プレゼンテーションでは聴衆を楽しませないといけない。それには、ちょっとしたジョークを交えることが有効である。これはプレゼンに関してよく耳にするアドバイスだ。だが筆者らが行った実験によると、男性が発表者の場合はユーモアが効果的に働く一方で、女性がプレゼンで冗談を交えると、地位も能力も低く、リーダーの資質に乏しいという評価を受けることが判明した。


 誰だって、仕事で効果的にアイデアを発表し、人を説得する方法を知りたいと思うものだ。プレゼンテーションで聴衆の心をつかむアドバイスとしてよく聞くのが、「ユーモアを交えよう」というものである。

 ベストセラー『TED 驚異のプレゼン』の著者でコミュニケーションのコーチであるカーマイン・ガロは、こう述べている。「ユーモアは警戒心を和らげ、メッセージを聴衆に受け入れやすくする。また、あなたの好感度も高める。人は好感を持った相手とビジネスをしたり、支援をしたりしたいと思うものだ」。にも多くの作家が同じようなアドバイスをしている。

 これは一見、妥当なアドバイスに思える。ユーモアを活用するリーダーが従業員の業績仕事への満足度を高めることを示す研究はたくさんある。何かおもしろいことを聞いたり、おもしろいと感じたりすることで、ストレスが低下し、社会的関係が円滑になり、前向きな雰囲気が生まれ、モチベーションが上がる。全般的にユーモアは、それを発信した人にも聞いた人にも良い結果をもたらすと考えられている。

 ところが私たちの研究は、ユーモアの恩恵が誰にでも及ぶわけではないことを示唆している。それどころか、女性が仕事でユーモアを用いるとダメージになることがある。
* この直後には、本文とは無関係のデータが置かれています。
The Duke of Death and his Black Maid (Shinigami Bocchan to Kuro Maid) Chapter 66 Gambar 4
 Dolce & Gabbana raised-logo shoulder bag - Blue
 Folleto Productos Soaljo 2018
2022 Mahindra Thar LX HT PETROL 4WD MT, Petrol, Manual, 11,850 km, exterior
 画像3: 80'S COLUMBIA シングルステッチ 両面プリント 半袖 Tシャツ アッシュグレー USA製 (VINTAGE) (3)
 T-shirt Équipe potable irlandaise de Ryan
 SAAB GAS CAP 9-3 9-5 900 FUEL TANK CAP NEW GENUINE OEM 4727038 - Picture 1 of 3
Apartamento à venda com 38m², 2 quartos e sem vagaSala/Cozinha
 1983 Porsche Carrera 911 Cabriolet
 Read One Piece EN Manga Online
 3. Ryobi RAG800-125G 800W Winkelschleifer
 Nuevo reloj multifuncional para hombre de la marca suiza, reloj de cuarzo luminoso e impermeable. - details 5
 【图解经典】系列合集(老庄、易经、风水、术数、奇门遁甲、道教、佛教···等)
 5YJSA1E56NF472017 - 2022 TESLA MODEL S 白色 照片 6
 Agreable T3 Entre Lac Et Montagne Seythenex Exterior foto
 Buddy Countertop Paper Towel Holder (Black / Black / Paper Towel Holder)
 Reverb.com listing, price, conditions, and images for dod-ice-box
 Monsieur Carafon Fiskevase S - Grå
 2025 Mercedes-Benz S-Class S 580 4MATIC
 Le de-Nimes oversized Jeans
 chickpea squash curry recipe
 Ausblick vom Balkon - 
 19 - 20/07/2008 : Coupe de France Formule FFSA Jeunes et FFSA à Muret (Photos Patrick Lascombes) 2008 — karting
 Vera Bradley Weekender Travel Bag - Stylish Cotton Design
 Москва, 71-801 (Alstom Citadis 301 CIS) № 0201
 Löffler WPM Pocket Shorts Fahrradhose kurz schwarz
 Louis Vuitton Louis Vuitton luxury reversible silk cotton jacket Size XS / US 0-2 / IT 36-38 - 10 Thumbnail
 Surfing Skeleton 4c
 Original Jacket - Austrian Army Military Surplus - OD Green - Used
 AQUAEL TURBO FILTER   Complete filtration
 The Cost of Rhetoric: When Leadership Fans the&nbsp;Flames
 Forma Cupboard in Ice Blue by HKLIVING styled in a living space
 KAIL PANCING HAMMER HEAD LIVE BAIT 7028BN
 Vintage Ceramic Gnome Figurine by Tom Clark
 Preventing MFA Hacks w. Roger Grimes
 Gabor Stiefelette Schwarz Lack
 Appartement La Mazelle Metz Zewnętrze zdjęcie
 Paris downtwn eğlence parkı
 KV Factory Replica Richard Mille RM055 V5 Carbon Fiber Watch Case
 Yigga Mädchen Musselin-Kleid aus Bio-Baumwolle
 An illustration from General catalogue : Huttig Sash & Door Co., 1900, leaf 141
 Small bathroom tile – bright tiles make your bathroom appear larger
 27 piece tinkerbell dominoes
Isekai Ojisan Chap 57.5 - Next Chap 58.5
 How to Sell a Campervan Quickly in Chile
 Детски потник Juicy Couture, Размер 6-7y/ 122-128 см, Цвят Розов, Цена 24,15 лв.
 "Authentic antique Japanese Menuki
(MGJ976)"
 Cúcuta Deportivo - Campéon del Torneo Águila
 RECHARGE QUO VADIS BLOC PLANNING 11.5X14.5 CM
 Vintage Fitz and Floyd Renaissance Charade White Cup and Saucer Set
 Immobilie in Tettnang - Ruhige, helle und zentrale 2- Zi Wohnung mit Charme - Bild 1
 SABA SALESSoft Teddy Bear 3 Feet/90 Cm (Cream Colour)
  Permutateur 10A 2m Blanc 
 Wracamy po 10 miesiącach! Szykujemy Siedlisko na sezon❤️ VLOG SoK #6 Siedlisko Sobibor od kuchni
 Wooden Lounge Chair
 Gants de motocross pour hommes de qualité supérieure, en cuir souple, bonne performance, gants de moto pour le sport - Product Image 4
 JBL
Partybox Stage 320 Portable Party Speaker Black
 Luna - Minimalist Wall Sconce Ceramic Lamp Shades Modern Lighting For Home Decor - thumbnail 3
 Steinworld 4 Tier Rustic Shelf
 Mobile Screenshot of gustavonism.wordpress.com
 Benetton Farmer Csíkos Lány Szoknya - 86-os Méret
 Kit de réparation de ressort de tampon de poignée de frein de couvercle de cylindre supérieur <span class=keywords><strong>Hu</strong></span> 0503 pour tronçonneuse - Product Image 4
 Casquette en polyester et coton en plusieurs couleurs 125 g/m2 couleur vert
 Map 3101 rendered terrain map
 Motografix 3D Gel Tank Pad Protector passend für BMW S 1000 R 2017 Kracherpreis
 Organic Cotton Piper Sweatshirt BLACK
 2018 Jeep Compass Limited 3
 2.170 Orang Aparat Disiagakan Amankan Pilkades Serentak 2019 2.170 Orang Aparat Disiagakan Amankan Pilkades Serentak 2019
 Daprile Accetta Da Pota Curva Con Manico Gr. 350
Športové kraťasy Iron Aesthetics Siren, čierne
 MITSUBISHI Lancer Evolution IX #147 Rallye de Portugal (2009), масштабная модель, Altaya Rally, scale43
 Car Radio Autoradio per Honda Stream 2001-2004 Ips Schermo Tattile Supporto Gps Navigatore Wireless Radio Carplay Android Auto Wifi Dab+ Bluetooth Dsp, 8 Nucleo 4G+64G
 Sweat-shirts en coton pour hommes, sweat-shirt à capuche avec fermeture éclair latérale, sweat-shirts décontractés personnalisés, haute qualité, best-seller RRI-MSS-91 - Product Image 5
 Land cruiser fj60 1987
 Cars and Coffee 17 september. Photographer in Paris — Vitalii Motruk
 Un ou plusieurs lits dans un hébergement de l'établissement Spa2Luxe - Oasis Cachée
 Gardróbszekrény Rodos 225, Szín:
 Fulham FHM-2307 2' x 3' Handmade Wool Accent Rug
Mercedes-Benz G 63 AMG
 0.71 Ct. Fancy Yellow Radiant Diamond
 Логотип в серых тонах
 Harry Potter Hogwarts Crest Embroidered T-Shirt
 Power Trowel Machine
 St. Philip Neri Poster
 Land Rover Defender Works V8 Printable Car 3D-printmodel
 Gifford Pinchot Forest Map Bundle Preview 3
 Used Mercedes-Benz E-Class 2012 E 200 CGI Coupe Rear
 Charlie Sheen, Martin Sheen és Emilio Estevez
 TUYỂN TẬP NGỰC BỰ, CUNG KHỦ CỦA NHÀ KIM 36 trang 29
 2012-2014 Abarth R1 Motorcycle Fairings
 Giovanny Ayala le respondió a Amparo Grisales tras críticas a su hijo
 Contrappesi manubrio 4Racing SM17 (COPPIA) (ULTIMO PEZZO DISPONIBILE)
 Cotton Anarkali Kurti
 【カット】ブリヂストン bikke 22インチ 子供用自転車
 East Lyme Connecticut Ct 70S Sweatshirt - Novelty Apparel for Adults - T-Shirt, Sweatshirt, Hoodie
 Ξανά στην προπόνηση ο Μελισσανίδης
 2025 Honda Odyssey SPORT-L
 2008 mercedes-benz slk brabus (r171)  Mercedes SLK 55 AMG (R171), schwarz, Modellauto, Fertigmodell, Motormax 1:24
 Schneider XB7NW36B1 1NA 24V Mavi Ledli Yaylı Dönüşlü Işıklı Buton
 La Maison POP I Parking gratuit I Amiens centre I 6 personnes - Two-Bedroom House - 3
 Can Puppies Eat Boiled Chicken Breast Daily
 男性がビジネスのプレゼンテーションにユーモアを交えると、そうでない場合とを比べて、聴衆は彼の組織内での地位を高いと思い(すなわち尊敬あるいは威信を感じる)、能力やリーダーシップの素質を高く評価する。しかし、女性が同じユーモアを同じプレゼンテーションに取り入れると、聴衆は彼女の地位を低いと見なし、能力を低く評価し、リーダーとしての素質も乏しいと考えるのだ。